Putting it very simply those diagnosed with aHUS and getting eculizumab before a transplant on average have twice as good a clinical outcome than those diagnosed but only allowed it on recurrence of aHUS.

But those diagnosed with aHUS, getting it as a rescue therapy once a TMA is triggered, get twice as good a clinical outcome as those undiagnosed and then newly on-setting with aHUS following transplant . Also these diagnosed  patients fare much better than if they stayed on dialysis.
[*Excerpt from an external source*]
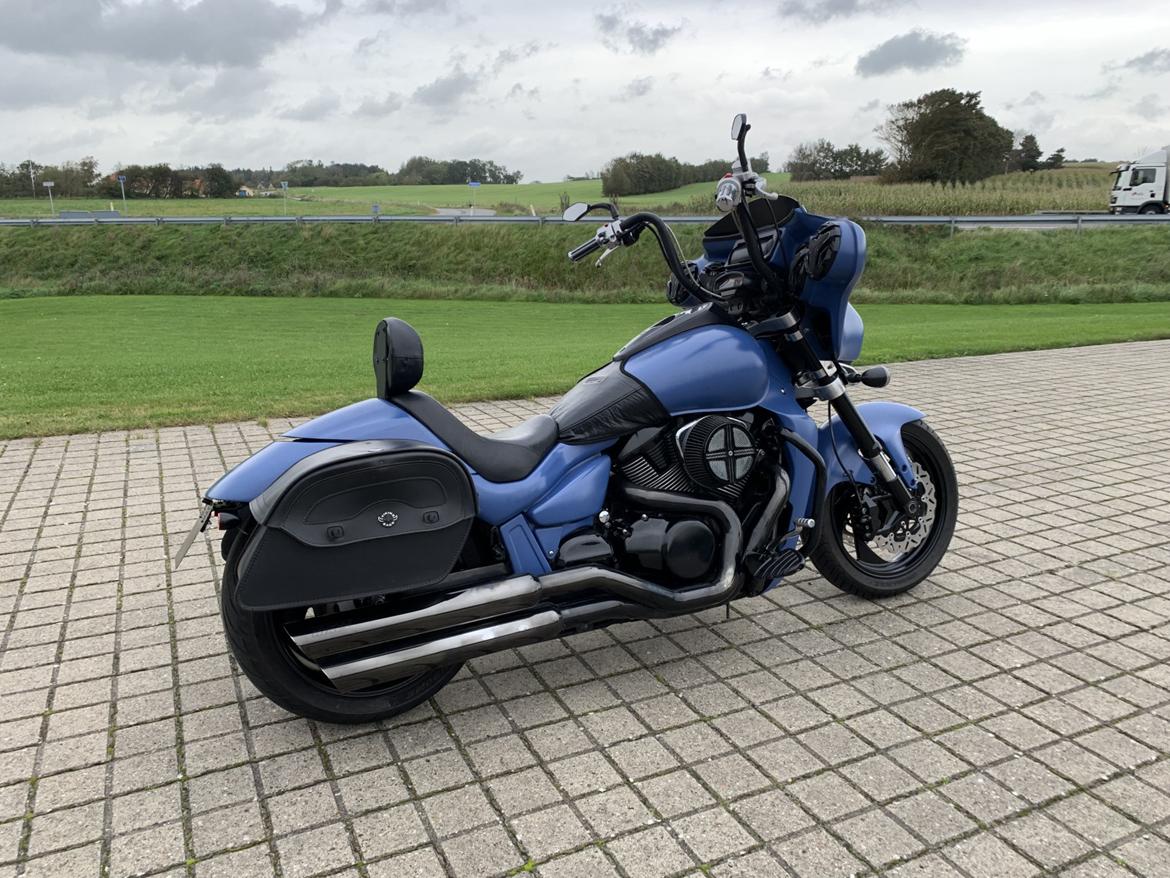 Suzuki VZR M1800R billede 16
Finally those not properly diagnosed before the transplant  but  finding out after, on average fare little better than those on dialysis, though some can do much better, and are likely to return to dialysis and need another transplant if that is now possible. On average their outcome is little better than those aHUS patients who had kidney transplants in the past  before eculizumab was ever thought about as a treatment.

So those aHUS patients facing a transplant can use this to have a dialogue with their clinicians to see what eculizumab prescription strategy they are thinking of, prophylactic or rescue,  and talk about this evidence of relative outcomes.

Those patient organisations in countries which only permit rescue therapy  following transplant now have some statistical evidence to have a proper challenge to such a policy.

Equally if only rescue therapy is available then patients need to know to weigh up whether an acceptable, but not great, kidney function outcome is better than staying on dialysis. Cognisant that it is also not impossible to get more than 50% function, which is as much as could be expected from one kidney.

Those undiagnosed at present but facing an aHUS onset on transplant can only be helped by research into aHUS diagnosis. That is another topic in the aHUS Patients’ Research Agenda. As too  the wisdom of  withdrawal of eculizumab from those with transplants  is a question to be answered by another topic on our Agenda.